En d’autres termes, conformément aux dispositions de l’article 56-1, le bâtonnier doit avoir connaissance des motifs justifiant la perquisition et de l’objet ce celle-ci. Toute perquisition ou saisie menée en méconnaissance de cet article fait nécessairement grief à l’avocat, au regard tant du respect de sa vie privée que du respect de ses droits de la défense.
Or ici, la Cour de cassation nous explique que l’ordonnance de perquisition, prise par le magistrat instructeur, indiquait d’une part que la CARPA était mise en cause pour des faits de recel d’abus de confiance commis « le 7 juillet 2013 consistant en un virement de 100 000 euros », alors que d’autre part, dans le même temps, le magistrat faisait état d’un défaut de réponse de la CARPA à la réquisition sollicitant tous les documents relatifs au versement de cette somme « par chèque, le 3 juillet 2013 ».

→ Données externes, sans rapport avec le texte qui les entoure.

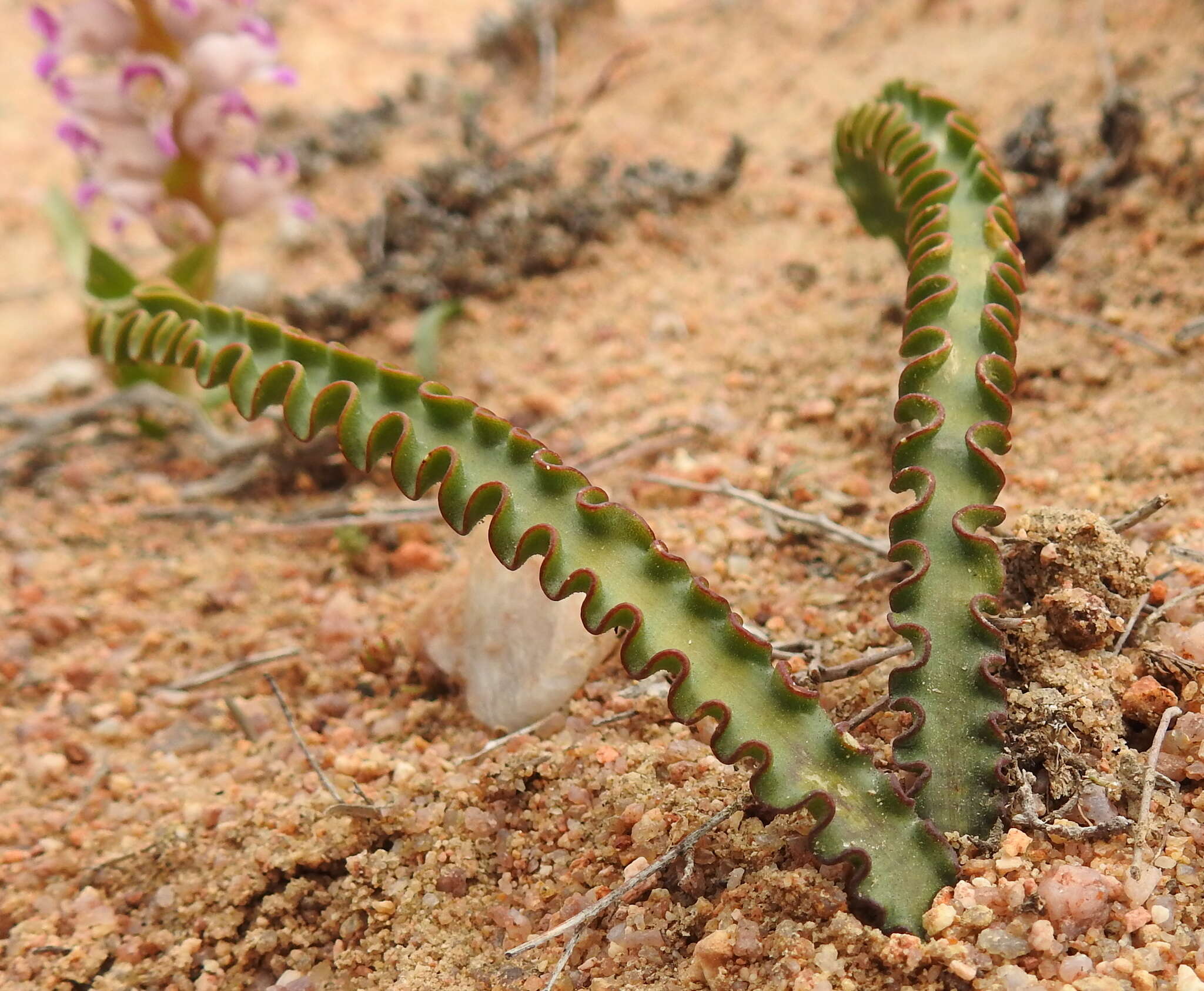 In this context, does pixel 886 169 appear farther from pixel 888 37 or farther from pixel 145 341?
pixel 888 37

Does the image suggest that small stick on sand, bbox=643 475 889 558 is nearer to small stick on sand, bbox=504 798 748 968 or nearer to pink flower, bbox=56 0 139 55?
small stick on sand, bbox=504 798 748 968

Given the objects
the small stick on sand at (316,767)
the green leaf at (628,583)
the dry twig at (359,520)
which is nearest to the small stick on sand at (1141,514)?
the green leaf at (628,583)

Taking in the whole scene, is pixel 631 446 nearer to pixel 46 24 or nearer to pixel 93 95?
pixel 93 95

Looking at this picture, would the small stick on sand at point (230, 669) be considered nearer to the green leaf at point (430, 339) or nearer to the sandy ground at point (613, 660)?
the sandy ground at point (613, 660)

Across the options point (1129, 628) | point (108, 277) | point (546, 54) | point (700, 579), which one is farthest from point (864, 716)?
point (546, 54)

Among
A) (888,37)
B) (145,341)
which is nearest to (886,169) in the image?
(145,341) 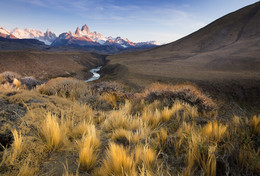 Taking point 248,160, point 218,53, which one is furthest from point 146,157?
point 218,53

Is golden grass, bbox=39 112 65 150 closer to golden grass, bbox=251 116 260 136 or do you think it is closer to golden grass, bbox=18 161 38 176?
golden grass, bbox=18 161 38 176

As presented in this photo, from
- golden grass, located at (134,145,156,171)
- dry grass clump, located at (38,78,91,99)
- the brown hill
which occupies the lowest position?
dry grass clump, located at (38,78,91,99)

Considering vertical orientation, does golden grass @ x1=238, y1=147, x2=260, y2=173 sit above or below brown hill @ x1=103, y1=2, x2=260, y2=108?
below

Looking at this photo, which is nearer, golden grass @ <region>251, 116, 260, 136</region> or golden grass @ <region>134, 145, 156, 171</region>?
golden grass @ <region>134, 145, 156, 171</region>

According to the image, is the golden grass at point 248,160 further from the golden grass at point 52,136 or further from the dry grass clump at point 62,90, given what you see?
the dry grass clump at point 62,90

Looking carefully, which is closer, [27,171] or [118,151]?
[27,171]

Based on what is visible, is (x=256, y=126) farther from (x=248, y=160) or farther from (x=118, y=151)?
(x=118, y=151)

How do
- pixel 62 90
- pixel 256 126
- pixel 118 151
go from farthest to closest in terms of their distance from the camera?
pixel 62 90 → pixel 256 126 → pixel 118 151

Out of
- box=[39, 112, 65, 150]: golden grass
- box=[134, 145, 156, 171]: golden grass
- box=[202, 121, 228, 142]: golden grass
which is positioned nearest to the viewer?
box=[134, 145, 156, 171]: golden grass

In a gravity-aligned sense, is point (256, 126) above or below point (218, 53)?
below

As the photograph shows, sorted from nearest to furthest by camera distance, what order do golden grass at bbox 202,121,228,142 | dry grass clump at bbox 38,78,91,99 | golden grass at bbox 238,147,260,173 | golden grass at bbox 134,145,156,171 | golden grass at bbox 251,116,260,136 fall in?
golden grass at bbox 238,147,260,173 < golden grass at bbox 134,145,156,171 < golden grass at bbox 202,121,228,142 < golden grass at bbox 251,116,260,136 < dry grass clump at bbox 38,78,91,99

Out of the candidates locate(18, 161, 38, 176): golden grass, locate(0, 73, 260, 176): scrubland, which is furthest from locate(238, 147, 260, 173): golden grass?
locate(18, 161, 38, 176): golden grass

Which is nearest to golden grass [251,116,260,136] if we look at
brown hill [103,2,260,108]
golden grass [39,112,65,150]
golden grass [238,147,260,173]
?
golden grass [238,147,260,173]

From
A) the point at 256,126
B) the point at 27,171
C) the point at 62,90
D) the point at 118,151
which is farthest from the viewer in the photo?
the point at 62,90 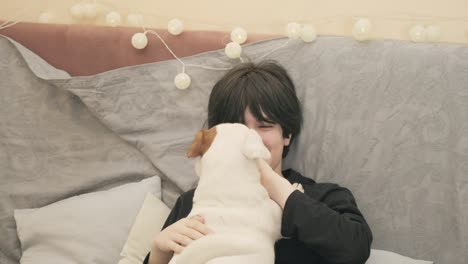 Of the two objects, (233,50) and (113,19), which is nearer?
(233,50)

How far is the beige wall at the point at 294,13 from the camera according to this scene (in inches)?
55.6

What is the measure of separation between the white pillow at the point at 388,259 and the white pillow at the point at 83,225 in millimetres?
674

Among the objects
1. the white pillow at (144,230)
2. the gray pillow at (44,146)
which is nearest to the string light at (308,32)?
the gray pillow at (44,146)

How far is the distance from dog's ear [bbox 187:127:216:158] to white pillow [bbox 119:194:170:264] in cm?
49

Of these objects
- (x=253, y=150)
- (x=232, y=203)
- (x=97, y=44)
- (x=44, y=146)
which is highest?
(x=97, y=44)

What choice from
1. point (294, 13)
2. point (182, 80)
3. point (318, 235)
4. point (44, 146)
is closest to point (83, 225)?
point (44, 146)

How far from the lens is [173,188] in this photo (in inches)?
58.6

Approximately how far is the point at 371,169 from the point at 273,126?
0.28m

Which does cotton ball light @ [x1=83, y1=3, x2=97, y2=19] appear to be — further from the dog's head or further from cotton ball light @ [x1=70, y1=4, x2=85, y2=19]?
the dog's head

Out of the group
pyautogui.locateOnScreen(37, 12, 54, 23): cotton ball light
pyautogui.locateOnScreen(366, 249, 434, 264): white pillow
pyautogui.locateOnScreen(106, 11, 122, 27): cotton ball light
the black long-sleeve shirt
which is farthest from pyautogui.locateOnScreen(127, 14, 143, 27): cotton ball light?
pyautogui.locateOnScreen(366, 249, 434, 264): white pillow

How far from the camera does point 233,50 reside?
Result: 1.40 metres

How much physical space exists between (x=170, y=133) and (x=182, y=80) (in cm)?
17

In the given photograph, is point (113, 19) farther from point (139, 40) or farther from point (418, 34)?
point (418, 34)

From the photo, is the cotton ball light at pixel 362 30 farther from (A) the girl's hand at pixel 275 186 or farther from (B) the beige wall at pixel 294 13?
(A) the girl's hand at pixel 275 186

Comme le soulignait le demandeur dans la première branche de son pourvoi, les motifs de la perquisition apparaissaient dès lors insuffisants et contradictoires entre eux, quant à la date des faits reprochés et au moyen de paiement en cause. Ils ne permettaient donc ni à la CARPA, ni au bâtonnier d’identifier avec précision la nature des relations existant entre la CARPA et les titulaires du compte. Contrairement à ce que prévoit expressément l’article 56-1 régissant les perquisitions réalisées dans un cabinet d’avocat ou à son domicile, également applicables aux perquisitions effectuées dans les locaux de l’ordre des avocats ou des CARPA, le bâtonnier n’avait donc pas, dès le début de la perquisition, été informé des motifs justifiant la mesure et n’était pas en mesure d’identifier l’objet de la perquisition présenté à tort comme concernant la remise de documents relatifs au virement litigieux de 100 000 euros daté du 3 juillet 2013 alors qu’il s'agissait de l’encaissement d’un chèque.
Le bâtonnier, qui n’avait accès à aucune autre pièce de la procédure, a été privé de l’information qui lui est en principe réservée et n’a donc pas pu comprendre les raisons justifiant la perquisition et l’objet de celle-ci, définis dans l’ordonnance de perquisition par la référence erronée à un « virement ». Il était impossible pour le bâtonnier finalement de comprendre en quoi consistait l’infraction principale d’abus de confiance justifiant une telle atteinte à la vie privée et aux droits de la défense. Ce que confirme la Cour de cassation : la perquisition portait manifestement atteinte aux intérêts de la CARPA. Ainsi, en ordonnant le versement, au dossier de l’information, de documents saisis au cours d’une perquisition irrégulière, le président du tribunal judiciaire avait excédé ses pouvoirs.
Cette perquisition jugée contraire tant à l’article 8 de la Conv. EDH qu’à l’article 56-1 du code de procédure pénale, la Cour de cassation annule l’ordonnance du président du tribunal judiciaire et ordonne la restitution des documents saisis lors de la perquisition. Par cette décision, elle confirme ainsi sa jurisprudence quant à l’exigence de motivation de l’ordonnance du juge d’instruction prescrivant une telle mesure à l’encontre des avocats (Crim. 9 févr. 2016, n° 15-85.063 ; Crim. 8 juill. 2020, n° 19-85.491).
Références :
■ Crim. 9 févr. 2016, n° 15-85.063, P, D. actu 3 mars 2016, obs. C. Fonteix ; D. 2016. 427 ; ibid. 1727, obs. J. Pradel.
■ Crim. 8 juill. 2020, n° 19-85.491, P, D. actu 29 juill. 2020, obs. L. Priou-Aliber ; D. 2020. 1463 ; AJ pénal 2020. 420, obs. G. Roussel.